To return to the Nile. Certain columns were erected in different parts of the valley, on which cubits and the subdivisions of cubits were marked and numbered, for the purpose of ascertaining precisely the rise of the water. Such a column was called a Nilometer. There was one near Memphis, which was at the upper point of the Delta, and others further up the river. Such pillars continue to be used to mark the height of the inundations to the present day.
The object of thus accurately ascertaining the rise of the water was not mere curiosity, for there were certain important business operations which depended upon the results. The fertility and productiveness of the soil each year were determined almost wholly by the extent of the inundation; and as the ability of the people to pay tribute depended upon their crops, the Nilometer furnished the government with a criterion by which they regulated the annual assessments of the taxes. There were certain canals, too, made to convey the water to distant tracts of land, which were opened or kept closed according as the water rose to a higher or lower point. All these things were regulated by the indications of the Nilometer.

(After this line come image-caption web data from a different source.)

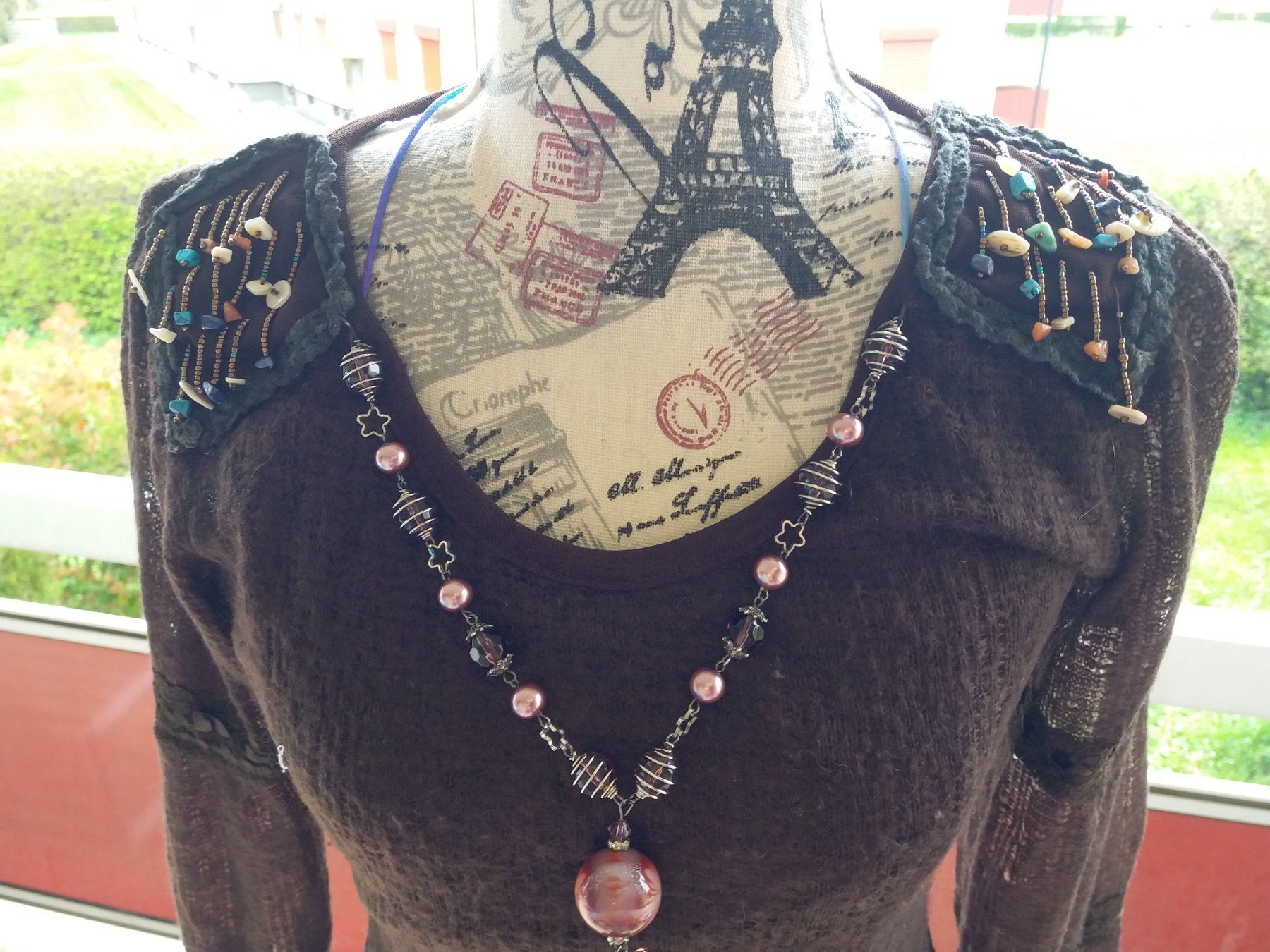Camicette: Bluse 100% Wolle – Usato da Marin-Epagnier venduto da Natasa82 6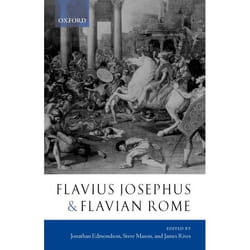ISBN Flavius Josephus and Flavian Rome 416 pages Anglais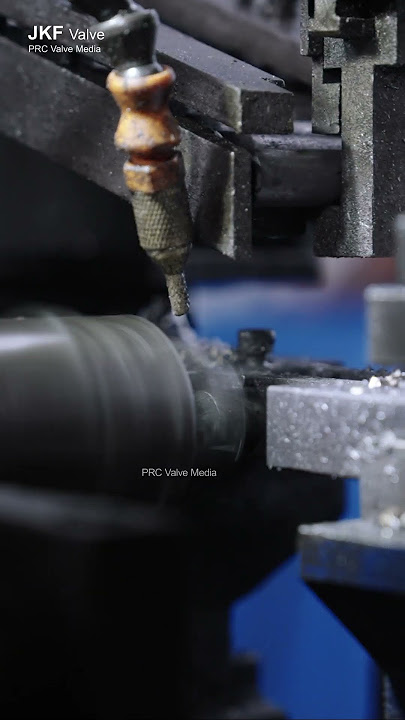 Precision control of the production process #manufacturing #precision #valve #process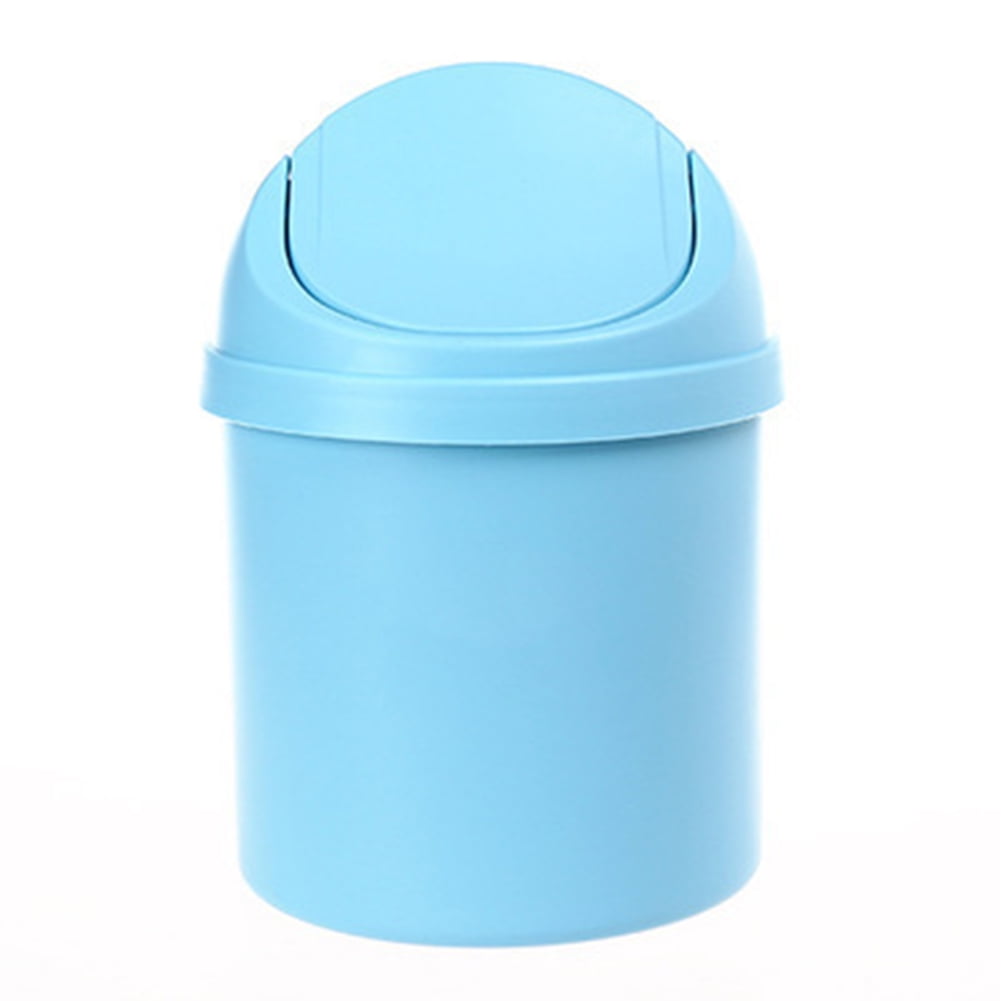 Home Office Table Trash Can,Autmor Mini Small Waste Bin Desktop Garbage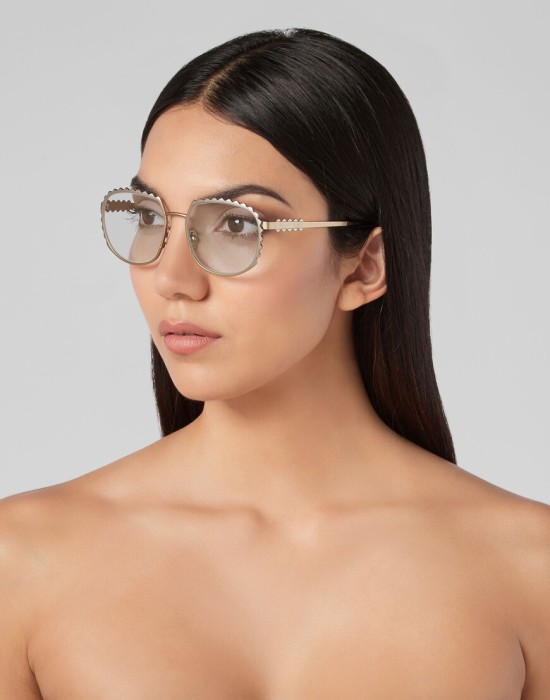 очки  для взрослого возраста с изнаночной стороны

Comparative antiquity of various objects.
Great age of the Pyramids.
Egypt was famed in the days of Xerxes for those enormous structures and ruins of structures whose origin was then, as now, lost in a remote antiquity. Herodotus found the Pyramids standing in his day, and presenting the same spectacle of mysterious and solitary grandeur which they exhibited to Napoleon. He speculated on their origin and their history, just as the philosophers and travelers of our day do. In fact, he knew less and could learn less about them than is known now. It helps to impress our minds with an idea of the extreme antiquity of these and the other architectural wonders of Egypt, to compare them with things which are considered old in the Western world. The ancient and venerable colleges and halls of Oxford and Cambridge are, many of them, two or three hundred years old. There are remains of the old wall of the city of London which has been standing seven hundred years. This is considered a great antiquity. There are, however, Roman ruins in Britain, and in various parts of Europe, more ancient still. They have been standing eighteen hundred years! People look upon these with a species of wonder and awe that they have withstood the destructive influences of time so long. But as to the Pyramids, if we go back twenty-five hundred years, we find travelers visiting and describing them then—monuments as ancient, as venerable, as mysterious and unknown in their eyes, as they appear now in ours. We judge that a mountain is very distant when, after traveling many miles toward it, it seems still as distant as ever. Now, in tracing the history of the pyramids, the obelisks, the gigantic statues, and the vast columnar ruins of the Nile, we may go back twenty-five hundred years, without, apparently, making any progress whatever toward reaching their origin.
Its relation to Persia.
Such was Egypt. Isolated as it was from the rest of the world, and full of fertility and riches, it offered a marked and definite object to the ambition of a conqueror. In fact, on account of the peculiar interest which this long and narrow valley of verdure, with its wonderful structures, the strange and anomalous course of nature which prevails in it, and the extraordinary phases which human life, in consequence, exhibits there, has always excited among mankind, heroes and conquerors have generally considered it a peculiarly glorious field for their exploits. Cyrus, the founder of the Persian monarchy, contemplated the subjugation of it. He did not carry his designs into effect, but left them for Cambyses his son. Darius held the country as a dependency during his reign, though, near the close of his life, it revolted. This revolt took place while he was preparing for his grand expedition against Greece, and he was perplexed with the question which of the two undertakings, the subjugation of the Egyptians or the invasion of Greece, he should first engage in. In the midst of this uncertainty he suddenly died, leaving both the wars themselves and the perplexity of deciding between them as a part of the royal inheritance falling to his son.
The Jews.
The Egyptians subdued.
Return to Susa.
Xerxes decided to prosecute the Egyptian campaign first, intending to postpone the conquest of Greece till he had brought the valley of the Nile once more under Persian sway. He deemed it dangerous to leave a province of his father's empire in a state of successful rebellion, while leading his armies off to new undertakings. Mardonius, who was the commander-in-chief of the army, and the great general on whom Xerxes mainly relied for the execution of his schemes, was very reluctant to consent to this plan. He was impatient for the conquest of Greece. There was little glory for him to acquire in merely suppressing a revolt, and reconquering what had been already once subdued. He was eager to enter upon a new field. Xerxes, however, overruled his wishes, and the armies commenced their march for Egypt. They passed the land of Judea on their way, where the captives who had returned from Babylon, and their successors, were rebuilding the cities and reoccupying the country. Xerxes confirmed them in the privileges which Cyrus and Darius had granted them, and aided them in their work. He then went on toward the Nile. The rebellion was easily put down. In less than a year from the time of leaving Susa, he had reconquered the whole land of Egypt, punished the leaders of the revolt, established his brother as viceroy of the country, and returned in safety to Susa.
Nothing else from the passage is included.